In November 1988, the Revenue’s Special Enquiry Branch advised it had information that suggested that the ACC Bank "as a matter of policy were facilitating the evasion of DIRT for their clients by setting up

fictitious UK accounts." There was no follow-up on this report.

"The non-resident proportion of ACC accounts was by any standards extraordinary," the report said. "This was a state bank set up to finance the development of agriculture with a customer and management base drawn from the Irish farming community. The bank was understood to have drawn a large part of its deposit base from farmers who had strong savings from the 1960s onward.

"It had no international link-up and was not known to have marketed abroad. For some years it has been the subject of sustained complaints by the Associated banks regarding unfair competition."
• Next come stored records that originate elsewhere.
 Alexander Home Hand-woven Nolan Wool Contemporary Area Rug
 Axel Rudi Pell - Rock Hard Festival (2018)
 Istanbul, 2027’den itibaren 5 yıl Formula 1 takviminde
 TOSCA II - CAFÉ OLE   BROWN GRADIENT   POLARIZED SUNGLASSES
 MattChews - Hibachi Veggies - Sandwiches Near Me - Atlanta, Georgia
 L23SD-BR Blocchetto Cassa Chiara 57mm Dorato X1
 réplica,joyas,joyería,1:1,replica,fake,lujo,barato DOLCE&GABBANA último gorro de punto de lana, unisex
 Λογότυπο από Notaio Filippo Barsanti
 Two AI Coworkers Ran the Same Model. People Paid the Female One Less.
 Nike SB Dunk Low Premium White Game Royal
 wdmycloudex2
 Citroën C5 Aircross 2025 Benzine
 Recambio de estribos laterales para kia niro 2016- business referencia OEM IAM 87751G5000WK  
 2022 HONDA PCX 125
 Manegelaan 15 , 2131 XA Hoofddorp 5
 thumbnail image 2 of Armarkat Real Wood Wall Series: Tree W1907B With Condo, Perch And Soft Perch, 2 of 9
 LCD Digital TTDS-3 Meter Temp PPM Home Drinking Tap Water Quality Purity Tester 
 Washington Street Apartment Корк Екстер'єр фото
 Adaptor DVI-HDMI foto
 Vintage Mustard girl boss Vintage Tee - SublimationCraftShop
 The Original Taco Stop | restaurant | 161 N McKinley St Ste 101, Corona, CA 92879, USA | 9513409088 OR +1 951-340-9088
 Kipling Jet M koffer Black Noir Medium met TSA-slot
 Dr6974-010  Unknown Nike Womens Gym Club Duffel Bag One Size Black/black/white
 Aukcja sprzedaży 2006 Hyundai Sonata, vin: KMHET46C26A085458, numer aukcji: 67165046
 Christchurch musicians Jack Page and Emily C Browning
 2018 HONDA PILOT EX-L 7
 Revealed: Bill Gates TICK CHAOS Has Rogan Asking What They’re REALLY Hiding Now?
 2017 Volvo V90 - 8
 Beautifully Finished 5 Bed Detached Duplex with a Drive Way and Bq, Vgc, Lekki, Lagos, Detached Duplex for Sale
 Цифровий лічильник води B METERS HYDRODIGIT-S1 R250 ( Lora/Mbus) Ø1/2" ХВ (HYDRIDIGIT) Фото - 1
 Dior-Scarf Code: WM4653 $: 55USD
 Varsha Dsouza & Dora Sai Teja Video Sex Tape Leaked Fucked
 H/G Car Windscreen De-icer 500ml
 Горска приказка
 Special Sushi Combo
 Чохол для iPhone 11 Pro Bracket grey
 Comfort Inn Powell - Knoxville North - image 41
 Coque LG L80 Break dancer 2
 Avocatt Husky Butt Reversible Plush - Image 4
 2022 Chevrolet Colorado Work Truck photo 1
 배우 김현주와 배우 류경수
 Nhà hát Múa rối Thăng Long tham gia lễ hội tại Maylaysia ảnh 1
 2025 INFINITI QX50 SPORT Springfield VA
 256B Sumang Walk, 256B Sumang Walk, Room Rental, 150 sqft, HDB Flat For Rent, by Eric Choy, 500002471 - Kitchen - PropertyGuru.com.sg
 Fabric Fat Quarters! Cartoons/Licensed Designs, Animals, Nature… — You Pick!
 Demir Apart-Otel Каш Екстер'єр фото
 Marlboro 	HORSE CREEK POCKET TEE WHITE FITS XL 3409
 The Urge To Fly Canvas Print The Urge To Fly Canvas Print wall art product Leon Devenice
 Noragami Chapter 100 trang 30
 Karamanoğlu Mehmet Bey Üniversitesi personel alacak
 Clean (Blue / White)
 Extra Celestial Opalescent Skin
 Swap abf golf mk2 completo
The governor of the Central Bank, Maurice O’Connell, who was formerly a senior official in the tax and foreign exchange sections of the Department of Finance, told Purcell the preoccupation in the 1980s had been "rightly and totally preoccupied with the exchange rate."

"The exchange rate was under constant threat and the exchange rate meant the movement of funds out of the country," O’Connell said. "While all this was going on, we were holding up the exchange rate through foreign borrowing. This had to be the great preoccupation of any minister for finance or any Central Bank at the time.

"This was the central issue. This was the plank which kept us floating. Whatever happened, this had to take precedence over everything else . . . we did our best. We were not as efficient as we might be in terms of collecting tax. We were broadly aware of the fact that people were avoiding tax. And all this had to be corrected, this was wrong. Everybody agreed it was wrong.

"For God’s sake, whatever you do, don’t rock the boat. The boat being the exchange rate. That was the culture."

In dealing with Department of Finance and Central Bank, Purcell found the official files liberally sprinkled with references like "half the non-resident accounts are thought to be bogus" and "at least £1 billion of non-resident deposits are thought to be held by Irish residents".

Purcell concluded that both organizations were convinced that any moves to tackle the problem would have led to a flight of capital from the country with all the attendant consequences for the economy particularly when it was vulnerable in the 1980s and in the first half of the 1990s.

"In that context, bogus non-resident accounts were seen as the lesser of two evils," he said.

In 1984, a Revenue Commissioner memo to the Department of Finance said they were satisfied that the improper use of non-resident accounts had "long since reached epidemic proportions."

The department’s files on the 1993 Amnesty contain a number of memoranda referring to the scale of bogus non-resident accounts.

The first memorandum stated: "There is currently approx. £4 billion on deposit in accounts designated ‘non-resident.’ It is likely that a very high proportion of these accounts have been fraudulently designated and that the depositors are resident. They may account for 50 percent or more of the total amount on deposit."